Junji Ito est l'auteur que j'apprécie le plus depuis quelques temps. Chacune de ses séries est singulière et me prend au dépourvu. La particularité de « La déchéance d'un homme » est que c'est une série qui se base sur l'histoire originale d'Osamu Dazai. L'intérêt était donc de découvrir comment l'auteur parvient à s'imprégner du scénario et l'adapter dans son univers.

Vous vous en doutez, il l'a fait avec une main de maître. Les deux premiers tomes étaient excellents mais je pense que celui-ci reste le meilleur. On a la finalité de ce personnage grotesque et pathétique : Yôzô Ôba. Au départ très énigmatique et difficile à suivre, on apprend au fur et à mesure à le comprendre, même si je ne cautionne toujours pas ses actes.

C'est le genre de personnages qui n'évolue jamais : il reproduit les mêmes erreurs. Il rencontre une femme, devient fou d'elle et finit par s'en désintéresser : pire encore, il finit par la tromper. Sauf que ces femmes n'en sortent pas sans séquelles. C'est le genre de personnage à faire souffrir tous ceux qu'il approche, et finit sa vie dans la médiocrité. On ne peut pas dire que ce soit un personnage attachant, qu'on aime suivre.

La raison pour laquelle j'apprécie et vous conseille cette œuvre est toute autre : Junji Ito, que je considère comme un véritable maître en terme d'horreur, nous plonge dans cet univers de manière totalement unique. Que ce soit via les décors ou les personnages représentés de manière horrifique, on ne peut qu'admirer page après page le désespoir des personnages.

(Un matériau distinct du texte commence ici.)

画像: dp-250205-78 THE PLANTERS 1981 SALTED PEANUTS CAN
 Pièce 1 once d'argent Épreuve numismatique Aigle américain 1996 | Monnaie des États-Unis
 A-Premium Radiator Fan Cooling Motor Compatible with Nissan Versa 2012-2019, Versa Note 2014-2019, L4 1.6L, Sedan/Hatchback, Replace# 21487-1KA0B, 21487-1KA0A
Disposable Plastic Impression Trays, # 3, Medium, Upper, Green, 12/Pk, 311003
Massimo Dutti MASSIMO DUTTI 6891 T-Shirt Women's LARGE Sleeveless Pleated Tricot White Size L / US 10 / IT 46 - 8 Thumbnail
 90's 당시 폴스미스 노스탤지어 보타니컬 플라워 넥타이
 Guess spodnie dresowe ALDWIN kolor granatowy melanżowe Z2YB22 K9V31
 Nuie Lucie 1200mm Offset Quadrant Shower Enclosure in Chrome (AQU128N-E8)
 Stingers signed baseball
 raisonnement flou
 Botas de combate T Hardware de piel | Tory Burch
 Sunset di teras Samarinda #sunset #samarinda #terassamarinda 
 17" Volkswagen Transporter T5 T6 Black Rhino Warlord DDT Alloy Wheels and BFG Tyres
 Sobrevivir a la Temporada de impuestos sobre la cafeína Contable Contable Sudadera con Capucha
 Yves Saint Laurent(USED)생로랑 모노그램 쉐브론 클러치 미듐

J'avais un peu peur de ne pas avoir de fin. Même si le personnage vieillit et devient de plus en plus grotesque, je ne savais pas comment l'auteur parviendrait à terminer son histoire. A ce propos, il y a plusieurs bons points :

Premièrement, Junji Ito a fait un gros clin d'oeil à Osamu Dazai à la fin de son histoire et qui aide à la clôturer. Ensuite, plusieurs des anciennes histoire d'Ôba ont enfin un dénouement, là où il les avait laissés en stand-by. Même s'il doit y faire face malgré lui, on peut le prendre comme une sorte d'amélioration de personnage. Chose essentielle pour finir cette série de manière cohérente, bien que cela reste un piètre personnage...

Autrement dit, il ne faut pas chercher un sens logique ou un réel but au titre. C'est très plaisant, subliment mené mais ça reste le genre de titre auquel on ne peut pas réellement s'attacher. Mais voir Junji Ito déstructurer les personnages et leur faire vivre l'impossible est toujours un réel plaisir.

En bref

La déchéance d'un homme est le genre de série unique, qui a sa propre essence. Bien qu'on soit loin du personnage attachant et captivant, Ôba, dans sa médiocrité, parvient à nous atteindre. On est bien souvent abasourdis par sa personnalité grotesque et sa tendance à fuir dès qu'il trouve une nouvelle source d'intérêt. Grâce à une fin qui en est réellement une, je dois dire que ça reste une très belle surprise dans l'ensemble.